If we have a file with an implicit hole (NO_HOLES feature enabled) that
has an extent following the hole, delayed writes against regions of the
file behind the hole happened before but were not yet flushed and then
we truncate the file to a smaller size that lies inside the hole, we
end up persisting a wrong disk_i_size value for our inode that leads to
data loss after umounting and mounting again the filesystem or after
the inode is evicted and loaded again.

This happens because at inode.c:btrfs_truncate_inode_items() we end up
setting last_size to the offset of the extent that we deleted and that
followed the hole.
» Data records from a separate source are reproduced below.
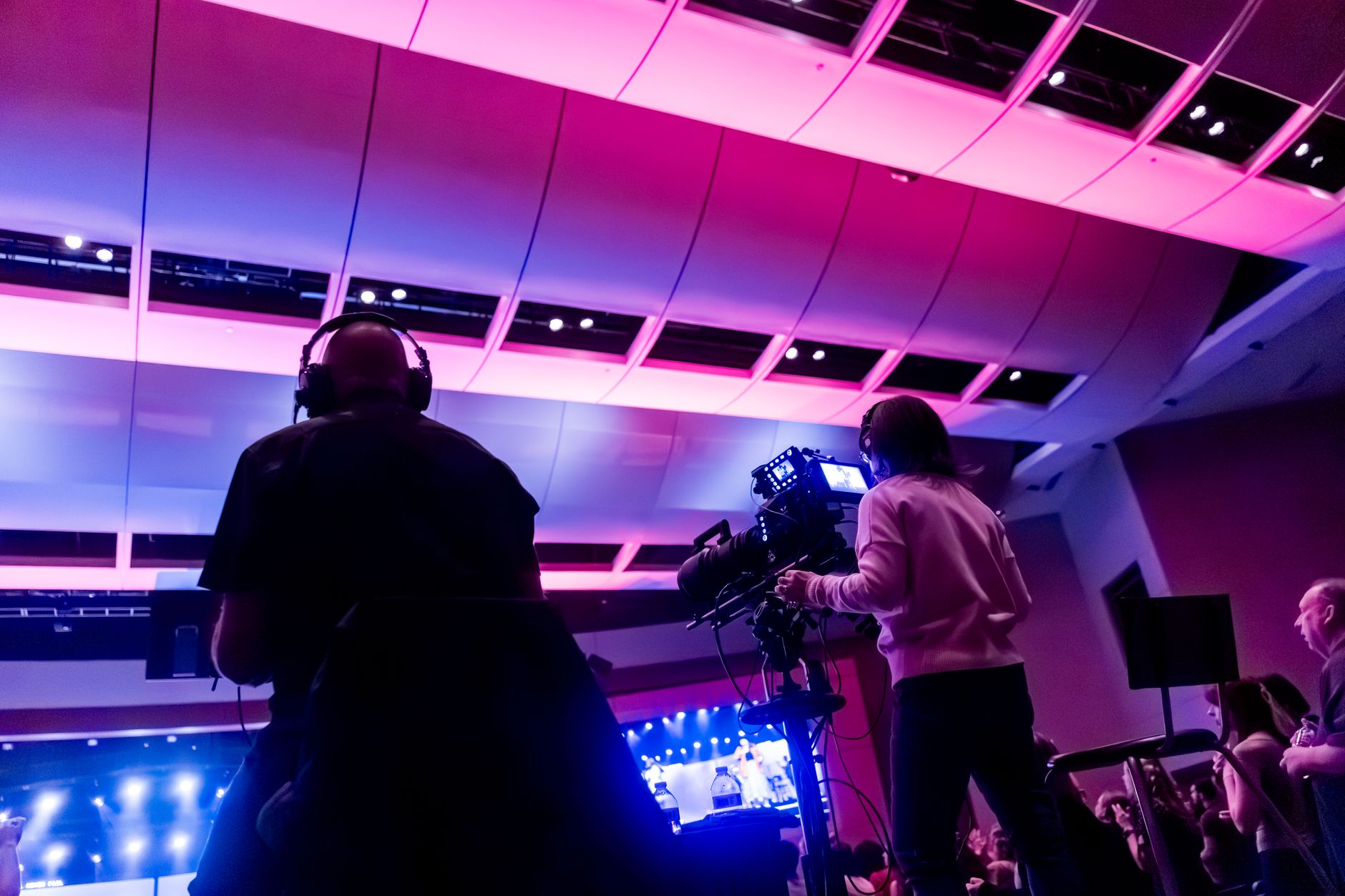 A camera crew filming a live event under stage lighting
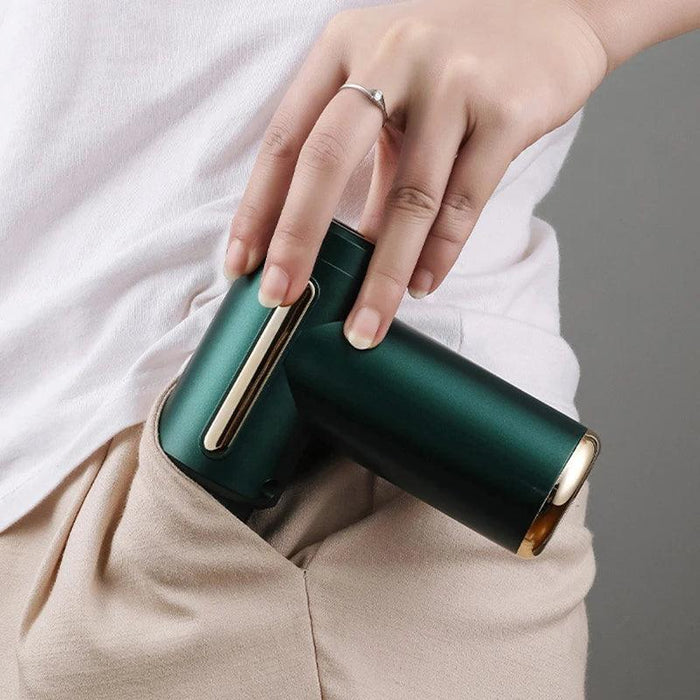 A person is holding the compact Fascia Massager, showing that it can easily fit in their pocket. The teal Fascia Massager is partially inserted into a beige pocket.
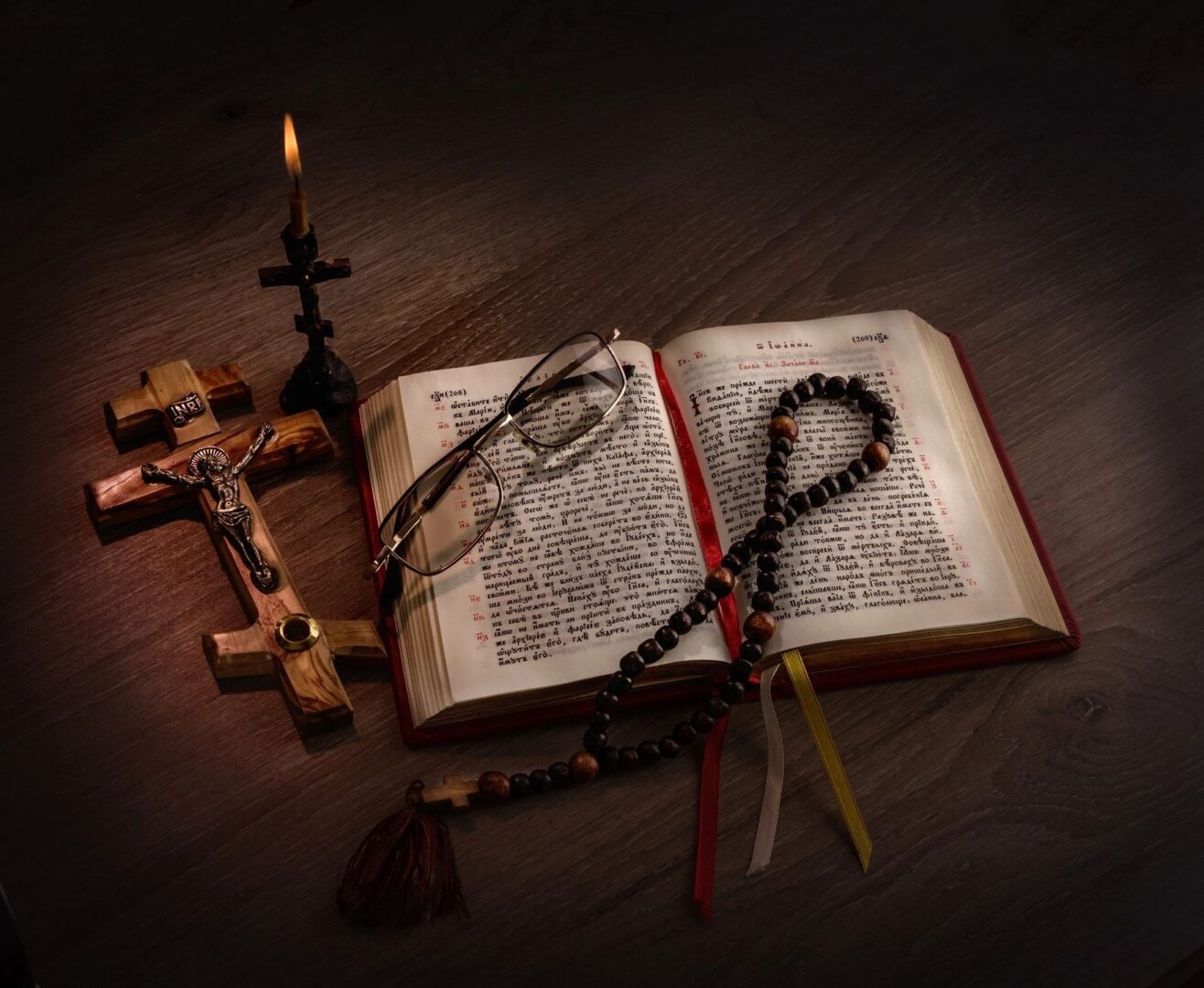 An open Bible with rosary beads and a wooden cross in dim light. An open Bible with rosary beads and a wooden cross in dim light.
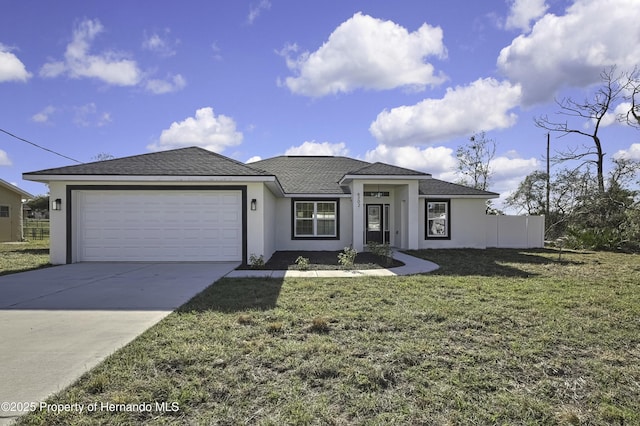 view of front of home featuring stucco siding, a front yard, fence, a garage, and driveway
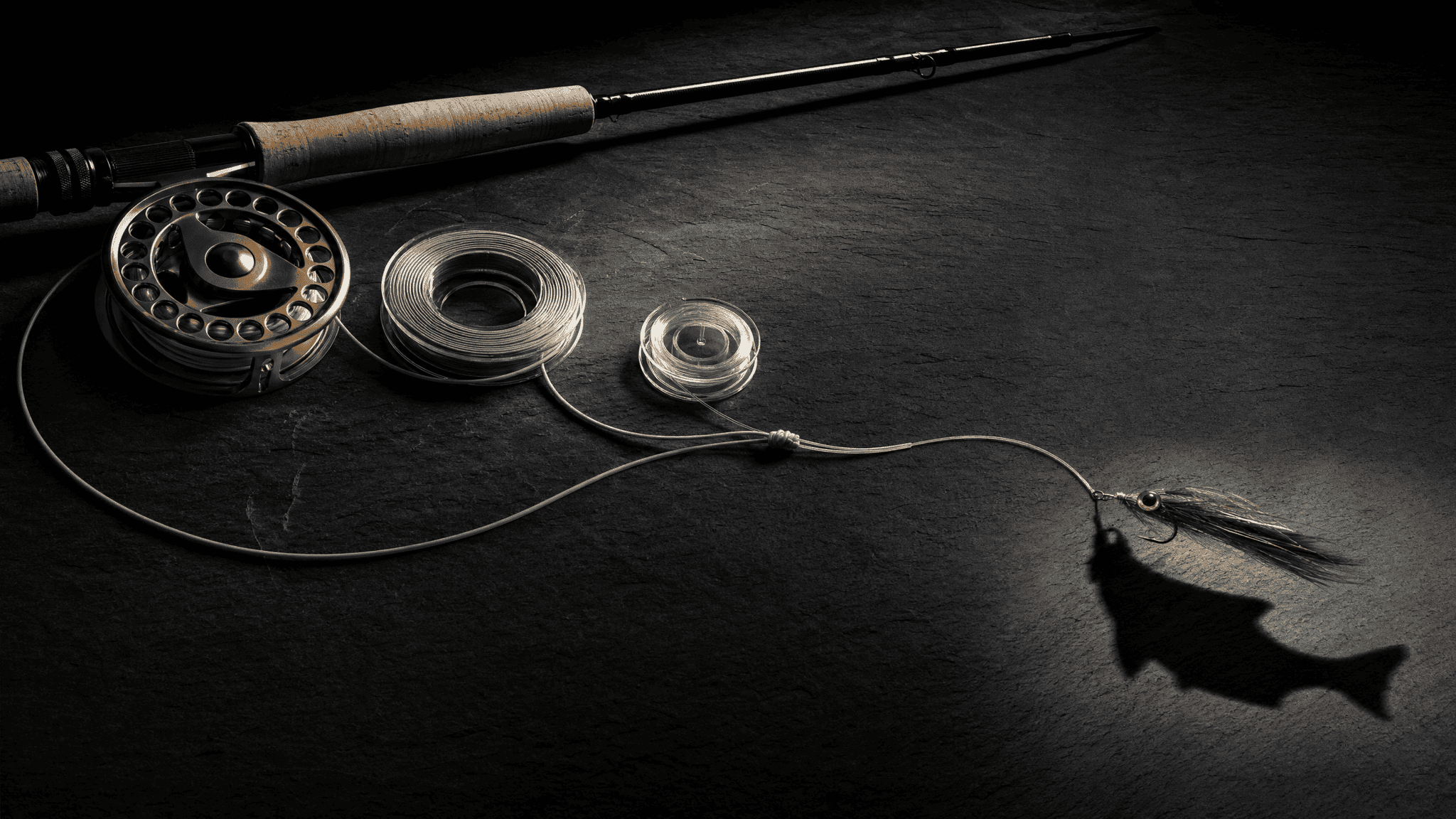Rod, reel, line, leader, knot, and lure arranged as a deliberate chain on dark slate under dramatic light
We then pass that value to btrfs_ordered_update_i_size()
which updates the inode's disk_i_size to a value smaller then the offset
of the buffered (delayed) writes.

Example reproducer:

 $ mkfs.btrfs -f /dev/sdb
 $ mount /dev/sdb /mnt

 $ xfs_io -f -c "pwrite -S 0x01 0K 32K" /mnt/foo
 $ xfs_io -d -c "pwrite -S 0x02 -b 32K 64K 32K" /mnt/foo
 $ xfs_io -c "truncate 60K" /mnt/foo
   --> inode's disk_i_size updated to 0

 $ md5sum /mnt/foo
 3c5ca3c3ab42f4b04d7e7eb0b0d4d806  /mnt/foo

 $ umount /dev/sdb
 $ mount /dev/sdb /mnt

 $ md5sum /mnt/foo
 d41d8cd98f00b204e9800998ecf8427e  /mnt/foo
   --> Empty file, all data lost!

Cc: <stable@vger.kernel.org>  # 3.14+
Fixes: 16e7549f045d ("Btrfs: incompatible format change to remove hole extents")
Signed-off-by: Filipe Manana <fdmanana@suse.com>
---
 fs/btrfs/inode.c | 6 +++++-
 1 file changed, 5 insertions(+), 1 deletion(-)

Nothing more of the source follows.